+++ MATERIALS PROVIDED +++

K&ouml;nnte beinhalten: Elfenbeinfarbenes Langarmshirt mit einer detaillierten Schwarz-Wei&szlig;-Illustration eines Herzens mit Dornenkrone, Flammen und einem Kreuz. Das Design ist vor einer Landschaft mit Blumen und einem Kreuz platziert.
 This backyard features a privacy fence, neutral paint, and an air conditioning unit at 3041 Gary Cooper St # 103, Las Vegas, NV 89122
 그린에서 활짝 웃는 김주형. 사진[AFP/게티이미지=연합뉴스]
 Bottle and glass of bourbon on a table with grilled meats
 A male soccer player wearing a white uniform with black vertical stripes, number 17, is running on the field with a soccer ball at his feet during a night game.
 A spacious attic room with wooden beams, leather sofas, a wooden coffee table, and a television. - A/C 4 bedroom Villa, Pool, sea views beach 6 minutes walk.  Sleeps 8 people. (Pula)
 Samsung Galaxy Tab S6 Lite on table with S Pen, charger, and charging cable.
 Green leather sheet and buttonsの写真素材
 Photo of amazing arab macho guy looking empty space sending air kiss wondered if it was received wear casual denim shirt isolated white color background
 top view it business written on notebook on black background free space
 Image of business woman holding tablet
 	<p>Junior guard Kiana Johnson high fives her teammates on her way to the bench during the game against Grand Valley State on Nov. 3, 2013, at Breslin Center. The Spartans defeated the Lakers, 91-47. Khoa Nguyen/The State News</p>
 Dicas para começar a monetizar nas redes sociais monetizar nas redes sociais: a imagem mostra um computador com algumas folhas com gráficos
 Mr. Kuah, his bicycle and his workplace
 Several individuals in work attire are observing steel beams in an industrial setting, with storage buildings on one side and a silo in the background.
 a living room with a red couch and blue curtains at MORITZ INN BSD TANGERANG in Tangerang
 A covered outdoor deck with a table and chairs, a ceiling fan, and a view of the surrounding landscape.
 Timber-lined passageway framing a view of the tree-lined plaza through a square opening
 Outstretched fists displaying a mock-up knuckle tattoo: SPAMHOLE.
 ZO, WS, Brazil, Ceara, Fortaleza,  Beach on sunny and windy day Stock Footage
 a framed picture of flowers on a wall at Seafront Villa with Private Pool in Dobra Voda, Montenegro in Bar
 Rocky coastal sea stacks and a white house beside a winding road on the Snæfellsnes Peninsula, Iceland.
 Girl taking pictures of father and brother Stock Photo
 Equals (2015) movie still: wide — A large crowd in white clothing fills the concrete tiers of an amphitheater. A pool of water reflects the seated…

+++

### EXERCISE DESCRIPTION
Take exactly the lines from the one containing "Photo of amazing" through the one containing "Image of business woman holding tablet" in the data above, and output them with nothing added.

### EXERCISE ANSWER
 Photo of amazing arab macho guy looking empty space sending air kiss wondered if it was received wear casual denim shirt isolated white color background
 top view it business written on notebook on black background free space
 Image of business woman holding tablet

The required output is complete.